:: EXCERPTED DATA
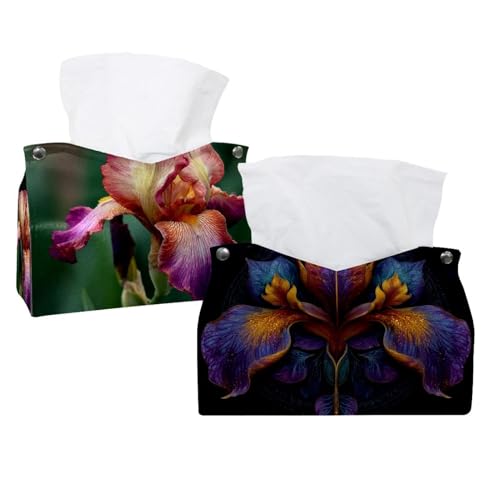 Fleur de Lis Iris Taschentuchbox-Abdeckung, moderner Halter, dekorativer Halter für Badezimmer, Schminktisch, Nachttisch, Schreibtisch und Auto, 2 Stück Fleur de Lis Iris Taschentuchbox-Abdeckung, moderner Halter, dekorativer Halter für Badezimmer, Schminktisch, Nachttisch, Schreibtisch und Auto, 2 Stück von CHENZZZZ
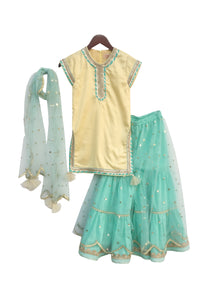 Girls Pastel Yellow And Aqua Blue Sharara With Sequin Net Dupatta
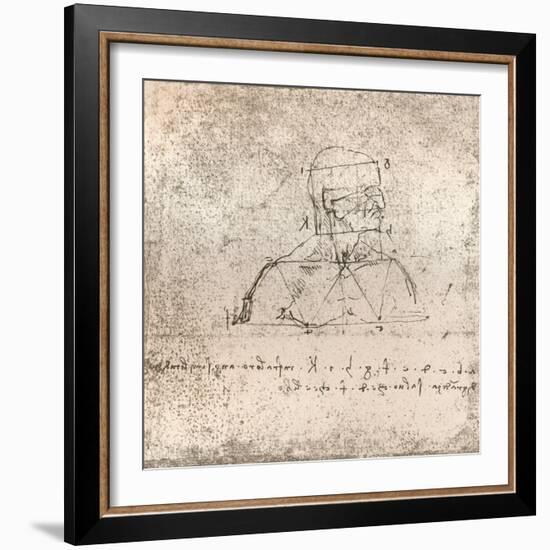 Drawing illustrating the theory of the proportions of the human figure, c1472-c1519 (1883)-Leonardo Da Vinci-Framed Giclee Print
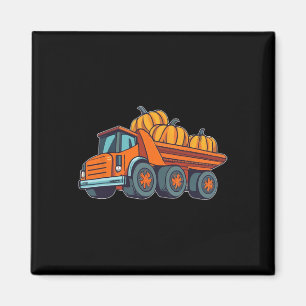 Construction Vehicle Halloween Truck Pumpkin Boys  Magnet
::::
:: EXCERPTED DATA
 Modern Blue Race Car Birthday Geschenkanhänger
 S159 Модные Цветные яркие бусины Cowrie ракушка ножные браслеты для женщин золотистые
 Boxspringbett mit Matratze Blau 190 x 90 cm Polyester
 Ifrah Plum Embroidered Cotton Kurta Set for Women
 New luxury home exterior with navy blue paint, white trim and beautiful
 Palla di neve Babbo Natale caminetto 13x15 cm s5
::::
:: EXCERPTED DATA
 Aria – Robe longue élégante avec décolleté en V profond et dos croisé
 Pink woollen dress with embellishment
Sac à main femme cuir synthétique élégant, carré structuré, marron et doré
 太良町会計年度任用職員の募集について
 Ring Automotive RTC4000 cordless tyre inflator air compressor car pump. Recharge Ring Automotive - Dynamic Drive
::::
→ WHAT THE EXERCISE ASKS
Your answer must consist solely of the lines above between the line holding "太良町会計年度任用職員の募集について" and the line holding "Ring Automotive RTC4000", inclusive, copied exactly.

→ RESULT BELOW
 太良町会計年度任用職員の募集について
 Ring Automotive RTC4000 cordless tyre inflator air compressor car pump. Recharge Ring Automotive - Dynamic Drive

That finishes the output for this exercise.